Our Prime Minister Theresa May has, however, said the visit also provides ‘an opportunity to strengthen our already close relationship in areas such as trade, investment, security and defence, and to discuss how we can build on those ties in the years ahead.’
The thought of POTUS flying in to discuss trade opportunities is something that, as a Welsh farmer, sends a shiver down my spine.
It conjures images of Mr Trump stepping off a private plane onto British soil, adorned in a star spangled banner suit, with hormone-treated beef under one arm and chlorinated chicken under the other, ready to pitch his wares.
I’m sure I’m not the only person in the food and farming industry who is filled with dread at the thought.
Some will question why I should worry about such things.
After all, Secretary of State for International Trade Dr Liam Fox tweeted to say he ‘could not be any clearer’ that Government would not lower food standards in a future free trade agreement with the United States, a sentiment echoed by Defra Secretary Michael Gove to 1,500 farmers at the NFU Conference in Birmingham back in February.
Indeed, I attended a talk at Hay Festival last year where Mr Gove said imports of chlorinated chicken or hormone-produced beef would occur ‘over his dead body’.
But while we remain in this seemingly never-ending Brexit Groundhog Day scenario, I am still concerned Welsh and British farming could be the eleventh hour victim to a trade deal which satisfies the political agenda of someone in Government eager to make a success of a future outside the European Union.
Such a decision would completely undermine and devastate our hardworking industry.
We’ve heard numerous promises made on various platforms over the last few years, but talk is cheap.
What all of us associated with Welsh and British farming want to see is a practical, functional Agriculture Bill which doesn’t sell British farming down the river; protects us against foreign imports and allows our industry to grow and prosper.
Here in the UK we are producing safe, high-quality, fully traceable food to some of the highest standards anywhere in the world.
Can we do better?
Yes, of course we can, and as the leaders in this field we will always strive to improve and innovate.
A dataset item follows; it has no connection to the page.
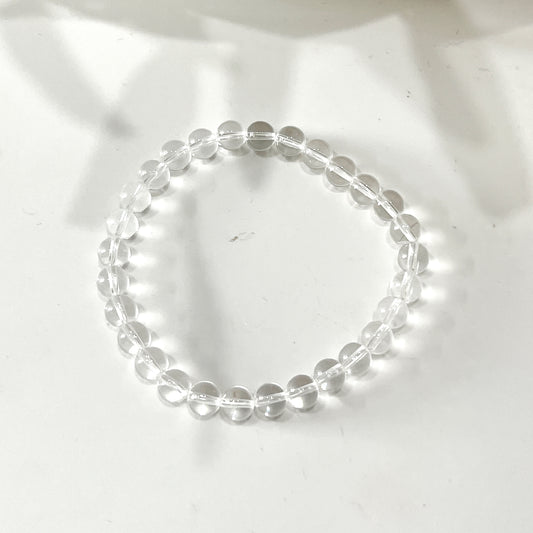 A clear quartz bead bracelet with 6mm round beads strung on a stretchy cord, arranged in a circle on a white background. The beads are transparent and evenly spaced, showcasing their natural clarity and shine. | Simply Esoteric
But I firmly believe the green, grass-based story we have here in the UK is something we can all be immensely proud of.
It would be deeply disappointing to see this undermined by imports from the United States, or anywhere else in the world for that matter, that are produced to completely different standards to what consumers here have come to expect from the high-quality food and drink produced by UK farmers.